Um amigo profissional do foro, com muita experiência em processos-crime, transmitiu-me a seguinte opinião técnica ("apressada", nas suas palavras) sobre o tema que ocupou as minhas duas últimas crónicas no Jornal Tribuna de Macau (por questões gráficas, editei ligeiramente a apresentação do texto recebido):
«Sou da opinião que o acesso ao conteúdo das telecomunicações por parte das autoridades de investigação criminal exige a decisão fundamentada de um juiz de instrução para a apreensão, o que pressupõe processo pendente e as necessárias suspeitas para a abertura anterior do processo. Nada de prevenção policial, que é figura estranha aos conceitos jurídico-processuais.
Sou da opinião que essa exigência não se estende à identidade de quem comunica, salvo se essa identidade fizer parte do próprio conteúdo da comunicação.
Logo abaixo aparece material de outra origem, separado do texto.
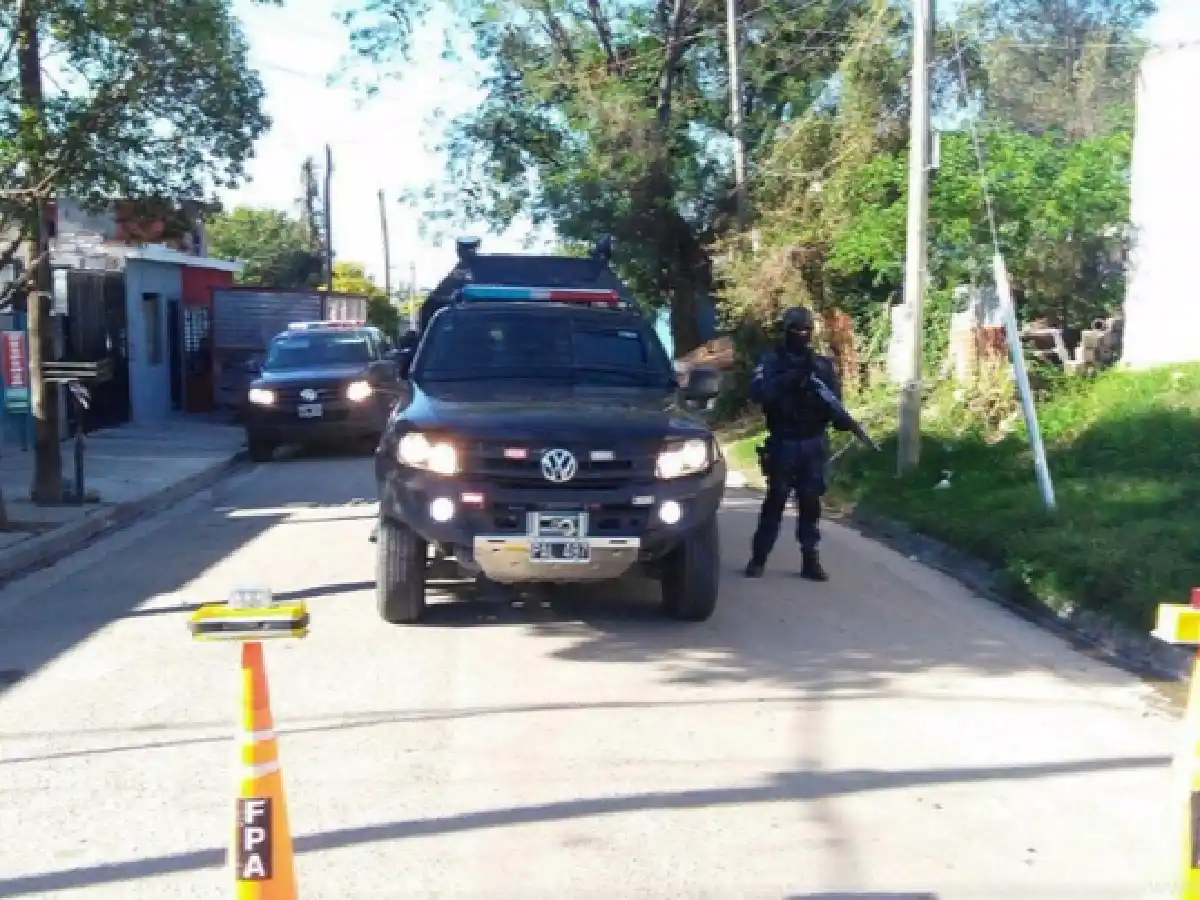 Un guardiacárcel fue detenido por venta de estupefacientes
Isto é, a título de exemplo, o polícia pode ver o envelope e ler a identidade do destinatário e do remetente, mas não pode abrir a carta e ler o conteúdo (mutatis mutandis para as comunicações na net). Mas tem de fazê-lo com razões para isso e não para satisfação da sua curiosidade. E, se isso implicar apreensão da carta, só com decisão do juiz de instrução. De contrário, se se aceder ao conteúdo, haverá crime; portanto, responsabilidade criminal, civil e disciplinar e nulidade da prova assim obtida, a qual não poderá ser valorada. Se se aceder à identidade sem fundamento, não haverá crime, mas só as outras duas formas de responsabilidade, e a prova obtida será nula. Quem colaborar indevidamente com a polícia pode ainda ter responsabilidade contratual.
Em síntese, o nível de suspeita é que determina o regime:
1) Eu envio um email - ninguém pode ter acesso ao seu conteúdo, nem à identidade dos comunicantes;
2) Há razões para pensar que somos imigrantes ilegais ou que temos comportamentos marginais - pode saber-se a nossa identidade, mas não o que dizemos. Mas com meios que não recorram a nada ofensivo de qualquer direito individual, como entrada em casa, no nosso computador, etc.;
3) Há razões para pensar que o email se destina a combinar um assalto - pode ter-se acesso ao conteúdo e à identidade. Mas só no processo penal respectivo e com decisão.
O problema é que não há qualquer processo na situação 2) e, aí, os abuso policiais são dificilmente controláveis.»